Exercise description – Write out the data again exactly, skipping every picture.

(Provided data)

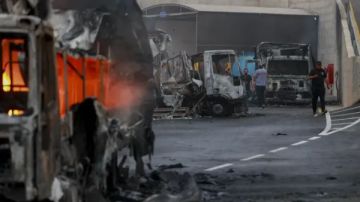 قرية كاملة تتحول إلى رماد.. المستوطنون يواصلون إحراق الضفة الغربية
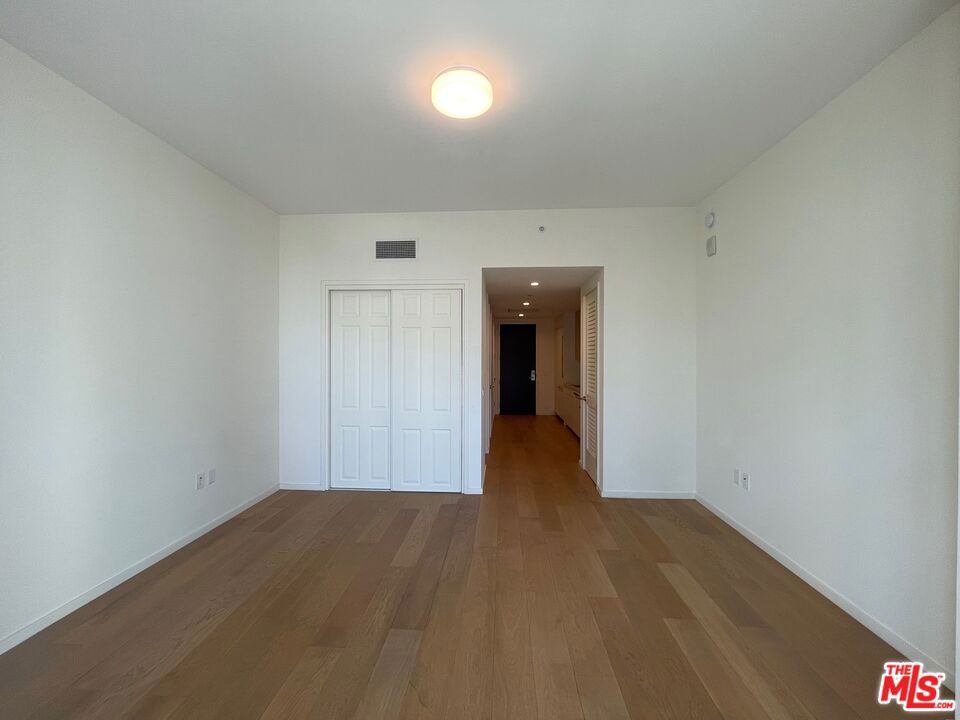 877 Francisco Street 1921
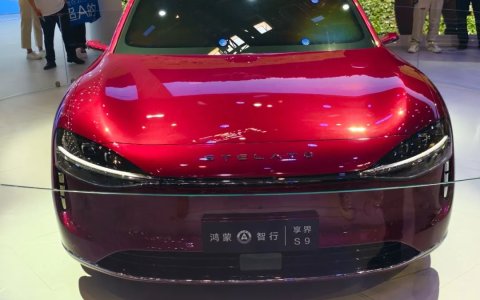 北京车展开幕首日：新能源再次成为焦点，雷军、周鸿祎等大佬现身交流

(End Provided data)

Exercise response –
 قرية كاملة تتحول إلى رماد.. المستوطنون يواصلون إحراق الضفة الغربية
 877 Francisco Street 1921
 北京车展开幕首日：新能源再次成为焦点，雷军、周鸿祎等大佬现身交流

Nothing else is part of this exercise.